衆議院議員総選挙は、1996年から小選挙区と比例代表を組み合わせた「小選挙区比例代表並立制」と呼ばれる制度で行われています。有権者は、候補者個人を選ぶ票と政党を選ぶ票の二つを同時に投票し、計465人の議員を選びます。

小選挙区は全国に289あり、それぞれでもっとも多い票を集めた1人が当選します。小選挙区では大きな政党の候補者が当選しやすく、有力な政党の間での勝敗をはっきりさせやすい制度といわれています。一方、落選者へ投じられた票は結果的にむだになってしまうのが欠点です。

この欠点をおぎなうのが、比例代表です。有権者は候補者の名前ではなく、政党名を投票用紙に書きます。各政党には全国11のブロックごとに得票数に比例して当選者が配分されるので、小さな政党でも当選者を出しやすいのです。

候補者は、小選挙区と比例代表の両方に立候補することができます。これを「重複立候補」といいます。その場合、小選挙区で落選しても、所属する政党が比例代表で得た議席で「復活当選」する可能性があります。

Q 「歴史的」といわれる選挙は?

A 自民党が野党に転落した2回の総選挙

■解説者 国分高史 元朝日新聞編集委員

戦後の政治を変えた総選挙が1993年と2009年にありました。ともに与党だった自民党が野党に転落したのです。

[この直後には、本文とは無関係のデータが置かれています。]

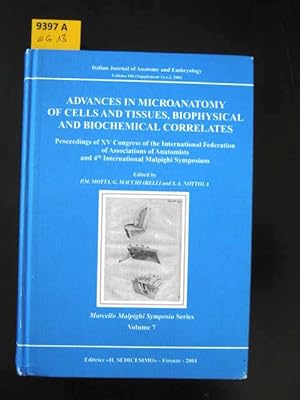 Bild des Verkufers fr Advances in Microanatomy of Cells and Tissues, Biophysical and Biochemical Correlates. Proceedings of the XV congress of the International Federation of Associations of Anatomists and 4th International Malphighi Symposium. zum Verkauf von Augusta-Antiquariat GbR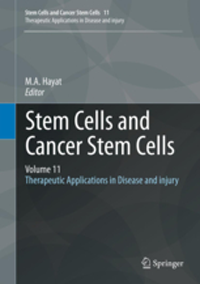 Stem Cells & Cancer Stem Cells, Vol.11- Therapeutic Applications in Disease & Injury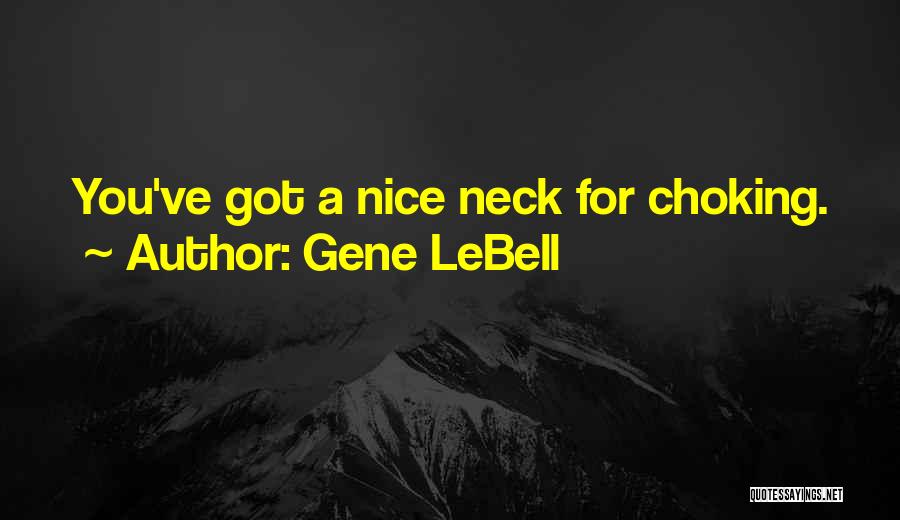 Necks Quotes By Gene LeBell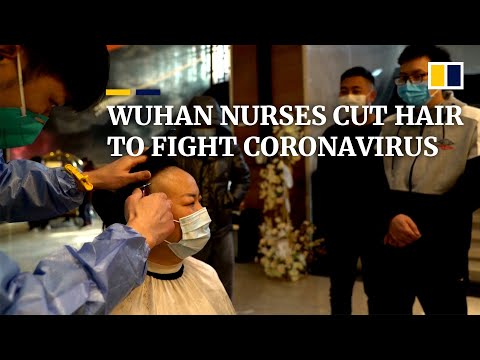 Nurses in Wuhan cut hair to fight against coronavirus outbreak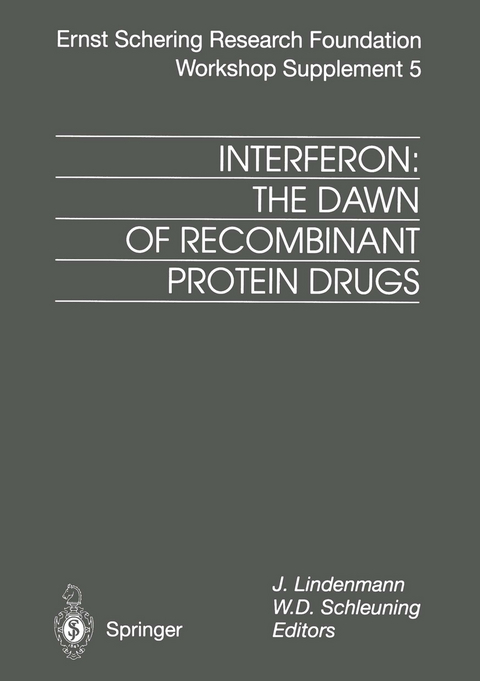 Interferon: The Dawn of Recombinant Protein Drugs -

自民党は1955年に結成されてから、93年までずっと政権を担っていました。ただ、その間に政治資金をめぐる不祥事などが続いていました。

そんな政治を変えなければならないと考えた議員たちが自民党をやめ、93年の総選挙を前に二つの新党を結成。選挙後に野党と協力して細川護煕内閣をつくり、自民党は初めて野党になったのです。

このころから「二つの大政党の間で政権交代が起きやすい選挙制度にするべきだ」という考えが強まりました。各党間で話し合いの末、一つの選挙区から複数人を選ぶ「中選挙区制」から今の制度に変わったのです。

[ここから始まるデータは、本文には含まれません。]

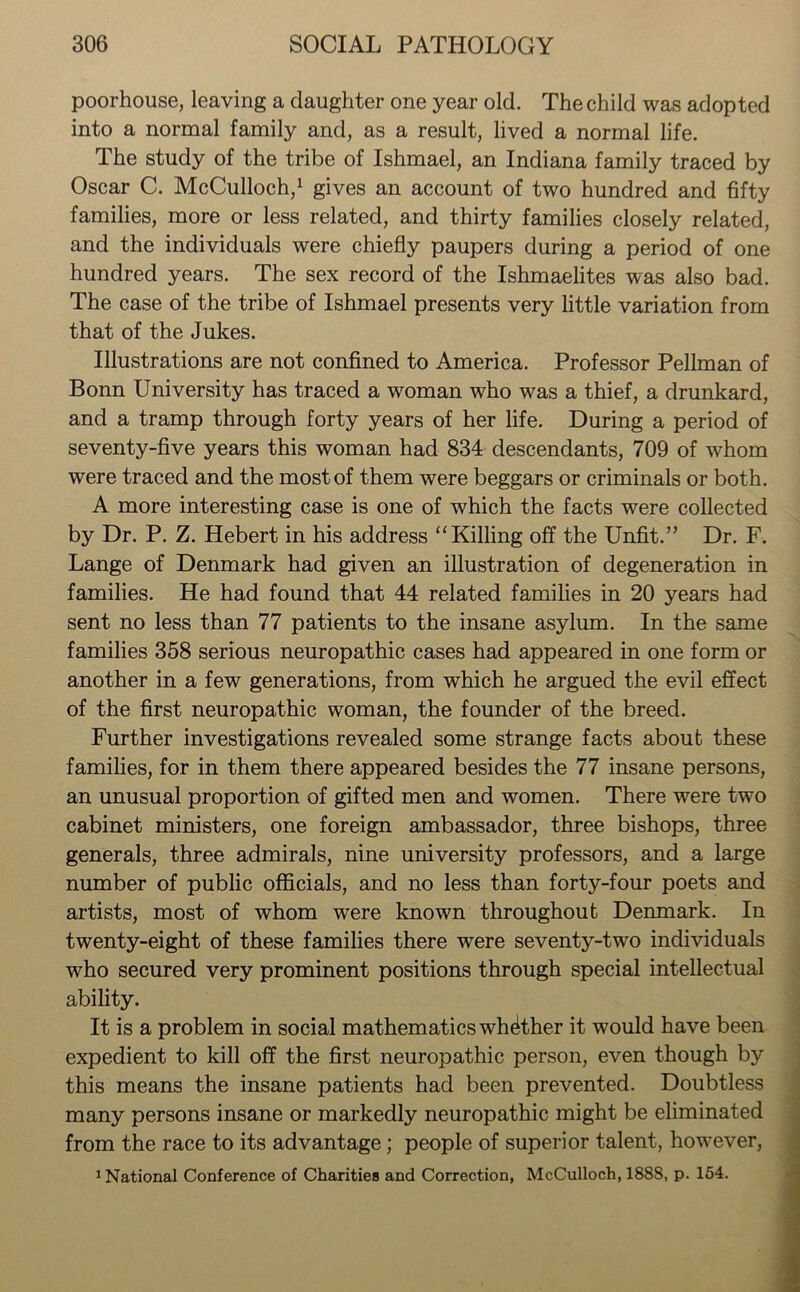 poorhouse, leaving a daughter one year old. The child was adopted into a normal family and, as a result, lived a normal life. The study of the tribe of Ishmael, an Indiana family traced by Oscar C. McCulloch,1 gives an account of two hundred and fifty families, more or less related, and thirty families closely related, and the individuals were chiefly paupers during a period of one hundred years. The sex record of the Ishmaelites was also bad. The case of the tribe of Ishmael presents very little variation from that of the Jukes. Illustrations are not confined to America. Professor Pellman of Bonn University has traced a woman who was a thief, a drunkard, and a tramp through forty years of her life. During a period of seventy-five years this woman had 834 descendants, 709 of whom were traced and the most of them were beggars or criminals or both. A more interesting case is one of which the facts were collected by Dr. P. Z. Hebert in his address “Killing off the Unfit.” Dr. F. Lange of Denmark had given an illustration of degeneration in families. He had found that 44 related families in 20 years had sent no less than 77 patients to the insane asylum. In the same families 358 serious neuropathic cases had appeared in one form or another in a few generations, from which he argued the evil effect of the first neuropathic woman, the founder of the breed. Further investigations revealed some strange facts about these families, for in them there appeared besides the 77 insane persons, an unusual proportion of gifted men and women. There were two cabinet ministers, one foreign ambassador, three bishops, three generals, three admirals, nine university professors, and a large number of public officials, and no less than forty-four poets and artists, most of whom were known throughout Denmark. In twenty-eight of these families there were seventy-two individuals who secured very prominent positions through special intellectual ability. It is a problem in social mathematics whether it would have been expedient to kill off the first neuropathic person, even though by this means the insane patients had been prevented. Doubtless many persons insane or markedly neuropathic might be eliminated from the race to its advantage; people of superior talent, however, 1 National Conference of Charities and Correction, McCulloch, 1888, p. 154.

自民党は94年に政権与党に復帰。一方、96年には民主党が結成されます。新しい選挙制度のもと民主党は着々と議席を増やし、自民党に対抗できる勢力になっていきました。そして2009年の総選挙でついに自民党を破り、鳩山由紀夫内閣を発足させました。

ただ、民主党は政府をうまく運営できず、首相がその後2回も交代。次の12年の総選挙で大きく負けました。それからは、自民党と公明党との連立政権が続いています。

4月の補欠選挙は「政治と金」問題が影響

今の衆議院議員の任期は2025年10月30日までです。総選挙はそれまでに必ず行われます。朝日新聞社の4月末時点での集計では、約900人が小選挙区に立候補を予定しています。

去年から自民党の議員たちの間で「政治とお金」の不祥事が次々と明らかになり、岸田文雄内閣は強い批判を浴びています。そのため、4月に三つの小選挙区で行われた衆議院議員の補欠選挙で、自民党は一つも勝てませんでした。

最大野党の立憲民主党などは、自民党から久しぶりに政権をうばうチャンスだとみています。各党ともさらにたくさんの候補者を立てようと一生懸命です。